3. The Council negotiations leading to Council Regulation (EC) No 139/04, focused on making the referral system more flexible and effective in order to ensure that a concentration would be dealt with by the authority best placed to analyse its competitive effects and, where appropriate, to restore effective competition, whilst taking account of the principles of subsidiarity and the "one stop shop" as well as maintaining legal certainty to the utmost extent possible. Articles 4(5) and 22 ECMR, to which these Principles refer, provide for referrals of cases from the Member States to the EU Commission.
According to recital (14) ECMR, referrals of concentrations should be made in an efficient manner avoiding, to the greatest extent possible, situations where a concentration is subject to both pre- and post-filing referrals. This entails close cooperation with efficient information-sharing and consultation between the EU Commission and the NCAs in applying their respective competencies.
4. NCAs have in the past debated multiple filing issues within the framework of the ECA Working Group on Multijurisdictional Mergers. Cooperation and coordination among competition authorities on mergers of common concern can enhance the efficiency and effectiveness of the review process, help achieve consistent, co-ordinated and non-conflicting outcomes, and reduce transaction costs. In order to achieve this, in 2001 the ECA established a system that provides for a prompt exchange of information as well as closer cooperation in the assessment of multijurisdictional concentrations.
In the light of the experience gained and with a view to enhancing transparency in the application of Article 22 of Regulation 4064/89, NCAs published in
Council Regulation 139/2004, by reviewing the former Article 22 ECMR and introducing through Article 4(5) ECMR the possibility of pre-filing referrals to the EU Commission, established a new framework for referrals that requires amendment to the ECA Principles.
5. NCAs will have regard to these non-binding Principles when considering possible referrals to the EU Commission. However, given that each concentration is unique, each case will be considered in the light of its particular circumstances, the available information and the particular time constraints.
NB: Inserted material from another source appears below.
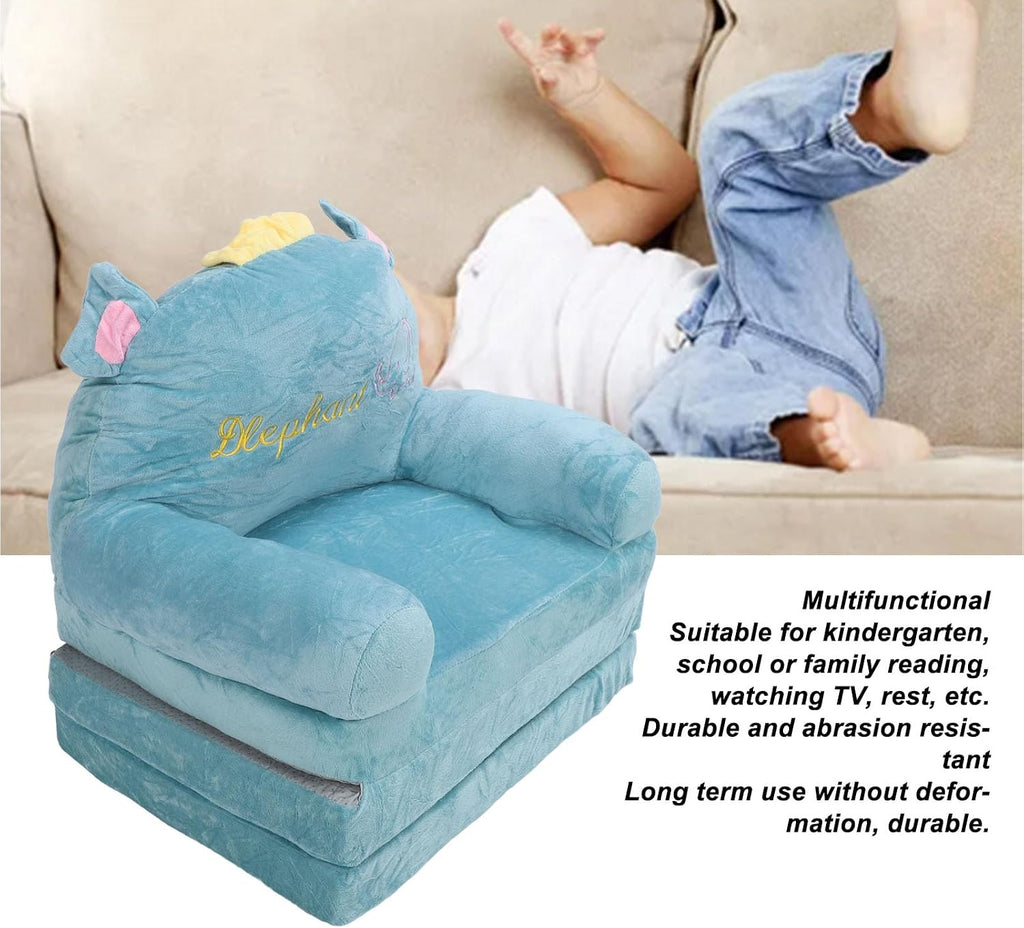 Foldable Kids Sofa, 2 in 1 Open Couch Sleeper for Children, Elephant Embroidery Pattern Comfy Sponge Sofa with Lightweight Portable Design for Bedrooms and Playrooms (Folding in Thirds)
NCAs will therefore apply these Principles flexibly on a case by case basis.
6. Only concentrations within the meaning of Article 3 ECMR are eligible for referrals under Articles 4(5) and 22 ECMR from Member States to the EU Commission.Cooperation on pre-filing referrals from Member States to the EU Commission pursuant to Article 4(5) ECMR
(i) Legal Provisions and Substantive Criteria
7. According to Article 4(5) ECMR, notifying parties ("the parties") may request that a concentration which does not have a Community dimension within the meaning of Article 1 ECMR and is capable of being reviewed under the national competition law for the control of mergers of at least three Member States be referred to the EU Commission.
Article 4(5) ECMR does not permit partial referrals by only some of the Member States capable of reviewing a concentration. If any Member State capable of reviewing the concentration expresses its disagreement, the concentration remains subject to the applicable national competition law for the control of mergers. If no Member State capable of reviewing the concentration expresses its disagreement, the Commission has no discretion but has to accept that referred concentration.
8. Taking into account the specific characteristics of the concentration, a concentration where a potentially significant competitive impact extends beyond national boundaries will generally deserve careful scrutiny as a possible candidate for a pre-notification referral.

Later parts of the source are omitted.